Controlling Underestimation Bias in Constrained Reinforcement Learning for Safe Exploration
摘要
评审与讨论
This paper presents Memory-driven Intrinsic Cost Estimation (MICE), an algorithm for reducing constraint violations in constrained RL throughout training, rather than just at the end of training. It does this using a memory buffer that stores a representation previously seen constraint-violating states, which are compared to new states to form an intrinsic reward term to reduce value function over-estimation leading to repeated visitation of constraint violating states.
给作者的问题
When using a random network to project into latent space, my understanding is that distance in random latent space is mostly a "these two states are or are not similar" thing, rather than having use as a scalar quantity. As MICE uses a k-NN distance in this space, it makes me wonder if the numerical value matters or if it's just a matter of being moderately distant from previously sampled datapoints. Could the intrinsic rewards be quantized, and would that affect performance? I don't think this is critical to answer but the use of a random latent space seems at odds with the idea of specific distances mattering.
论据与证据
The claims of the paper seem to be well-supported by the theoretical and experimental evidence provided.
方法与评估标准
The proposed methods and evaluation seems reasonable for the problem.
理论论述
I did not check the proofs, but the theorem claims seem reasonable
实验设计与分析
The experimental design seems reasonable, the estimation bias and ablation experiments test specific claims the paper makes about why the proposed method works.
补充材料
I reviewed the hyperparameter sensitivity and additional baselines experiments, as well as the algorithm box and the detailed environment descriptions
与现有文献的关系
This work seems significant in that reducing the frequency of constraint violations during constrained RL training is valuable for enabling CRL to be used for many tasks which require training where constraint violations have a real cost (for example, training a robot policy on a real robot). To my knowledge, prior work on CRL hasn't attempted to address during-training violations and has mostly focused on the state of the policy after training. That this work also improves the training process in general and finds a better solution is a worthwhile contribution as well.
遗漏的重要参考文献
Conservative Q Learning and similar methods have been used for offline RL with success, while the goal and method are different the general concept of conservative value estimation to ensure good behavior is shared, it might be worth mentioning in the discussion of related work on overestimation in RL.
其他优缺点
Overall, I liked this paper. The problem being addressed is significant and to my knowledge novel. The proposed method makes intuitive sense, and is theoretically justified, with sufficient experimental validation on standard benchmarks to demonstrate efficacy.

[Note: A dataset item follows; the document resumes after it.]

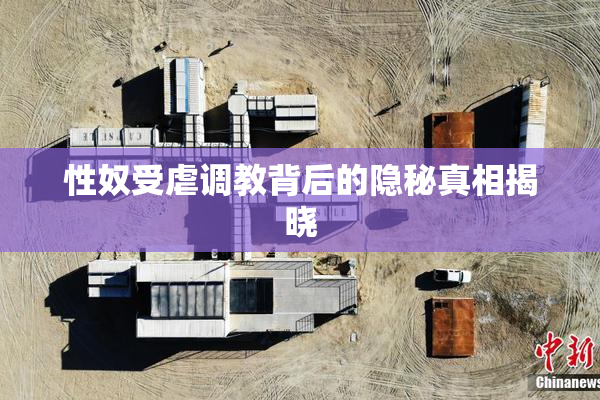 性奴受虐调教背后的隐秘真相揭晓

If there's one weakness to highlight, it's that I wonder about the use of a random network projection for the memory state comparison (I've got a question below along those lines), but overall I think this is a solid paper that is ready for acceptance.
其他意见或建议
The paper title at the top of each page is not correct
We sincerely appreciate the reviewer's positive and insightful comments. The followings are detailed responses to the points raised by Reviewer kehG.
When using a random network to project into latent space, my understanding is that distance in random latent space is mostly a "these two states are or are not similar" thing, rather than having use as a scalar quantity. As MICE uses a k-NN distance in this space, it makes me wonder if the numerical value matters or if it's just a matter of being moderately distant from previously sampled datapoints. Could the intrinsic rewards be quantized, and would that affect performance? I don't think this is critical to answer but the use of a random latent space seems at odds with the idea of specific distances mattering.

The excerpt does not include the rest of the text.